- Born: 16 June 1891 Kingdom of Serbia
- Died: 27 October 1945 (aged 54) Belgrade, Yugoslavia
- Education: École des Beaux-Arts
- Known for: Sculpting

= Dušan Jovanović Đukin =

Serbian sculptor (1891–1945)

Dušan Jovanović Đukin (Душан Јовановић Ђукин; 16 June 1891 – 27 October 1945) was a Serbian academic sculptor trained in Paris. Cubism was his speciality. He is one of two representatives of the cubist sculpture of his generation, the other was Živojin Lukić.

==Early life==
Dušan Jovanović Đukin was born and raised in a wealthy patrician family. His father was a court photographer, uncle Paja Jovanović, and he took a pseudonym from his grandfather Stevan Jovanović, a photographer from Vršac when they called him Đuka.

Đukin grew up in his father's photography studio in Belgrade (his father is Milan Jovanović, and artists Paja Jovanović and Svetislav Jovanović are Milan's brothers).

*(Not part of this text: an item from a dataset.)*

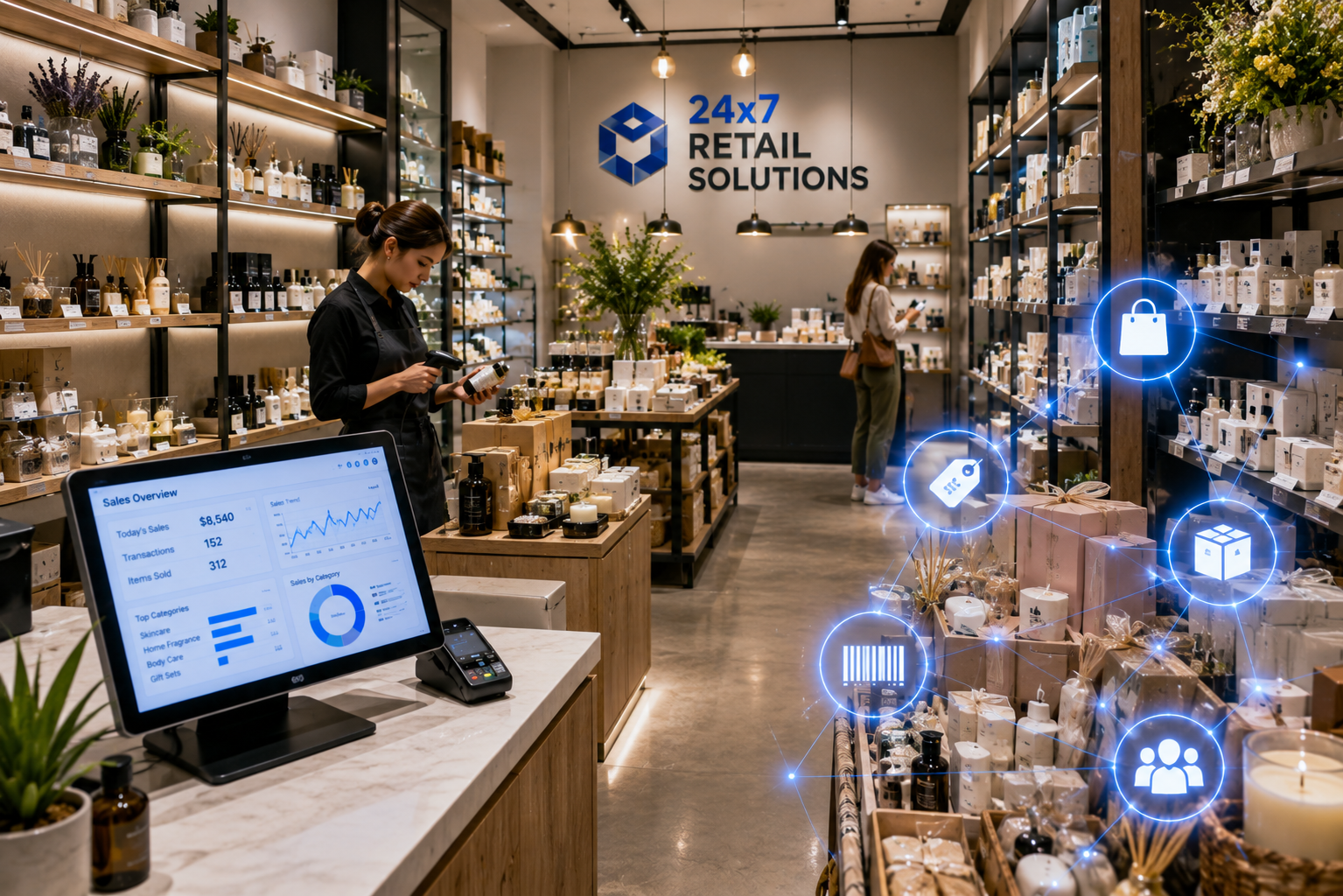 Modern speciality retail store with connected POS technology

Since 1904, it was the first purpose-built photography studio in Serbia. As a child, Dušan went through the horrors of war, and when he came to Paris to study sculpture and painting, he decided on sculpture early because his two uncles lived in Paris and were already well-established artists.

He studied architecture in Dresden, sculpture in Florence, and then studied at the École des Beaux-Arts in Paris. From 1917 to 1927, he stayed in Paris, where he participated in the Exhibition of Yugoslav Artists in 1919. In Belgrade, at the Kolarac People's University, he started an evening art course in 1927, together with the painter Mladen Josić.

== Career ==
After a year, he went to Paris again and returned to Belgrade after four years. He started working as a teacher at the Academy of Applied Arts.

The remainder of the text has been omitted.